TMS owner Tim Sproul of Granite Bay, a lifelong friend of the Lomaxes, said he didn't know if they could have done anything differently to protect their daughter.
"Once a person turns 18 they're an adult, and right now we don't have the legal ability to extend our guardianship if doctors say the person isn't exactly right," Sproul said. "You've got to keep a close eye on kids because mental illness can happen quickly. You look for any signs you can."
Sproul said he's worked with Marc Klaas, whose 12-year-old daughter Polly was kidnapped from a slumber party at her Petaluma home on Oct. 1, 1993, and was found murdered 65 days later. Her killer, Richard Allen Davis, is on San Quentin's death row.
Klaas founded the nonprofit KlaasKids Foundation to fight crime against children.
"We fingerprint and photograph kids in case something does happen," Sproul said.
Now that Lomax's body has been found, some of the searchers are going home, while others are rallying around the family, Sproul said. "People grieve in different ways."
Dennis, who took vacation time from the military to help search for Polly Klaas in 1993, said the volunteers searching for Lomax included Michael Le, brother of Michelle Le, a nursing student kidnapped from the parking garage of Kaiser Hospital in Hayward in May 2011. Her remains were found in September.
Michael Le now runs BAM – Bay Area Missing.

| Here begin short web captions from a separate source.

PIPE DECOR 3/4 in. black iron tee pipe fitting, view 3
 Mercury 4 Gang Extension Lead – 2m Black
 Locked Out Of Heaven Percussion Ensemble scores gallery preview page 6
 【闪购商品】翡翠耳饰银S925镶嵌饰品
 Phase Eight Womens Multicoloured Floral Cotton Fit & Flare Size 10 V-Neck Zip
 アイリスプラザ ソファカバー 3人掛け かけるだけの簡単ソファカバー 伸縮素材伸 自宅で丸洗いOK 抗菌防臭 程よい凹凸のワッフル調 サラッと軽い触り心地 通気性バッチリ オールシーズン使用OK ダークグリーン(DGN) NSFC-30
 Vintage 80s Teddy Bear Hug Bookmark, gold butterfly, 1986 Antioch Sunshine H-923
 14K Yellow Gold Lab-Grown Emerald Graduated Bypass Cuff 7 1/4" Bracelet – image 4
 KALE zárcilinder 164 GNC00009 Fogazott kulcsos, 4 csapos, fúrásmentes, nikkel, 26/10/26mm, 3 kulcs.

Other rescue organizations that joined the search for Lomax included Laura Recovery Center of Friendswood, Texas; Free International based in Las Vegas and Montana; Global Child Rescue of North Carolina; Sacramento's Student Reach; and Raven, from the Bay Area.
"Any time there's a resolution in a case, it's extremely emotional," Dennis said.
Linnea Lomax – Nae to her friends and family – "has always been a vibrant, outgoing, caring person, very much a perfectionist," Ernst said. "She was a straight-A student in high school. She was just very driven, and always took care of people around her and brought so much joy and sunshine to peoples' lives."
Lomax balanced her study time with soccer and as a guide for her family's river rafting adventure camp, Ernst said. She was contemplating a career in nursing and took advanced first-aid courses, Ernst said.
"She wanted to do something that would help people."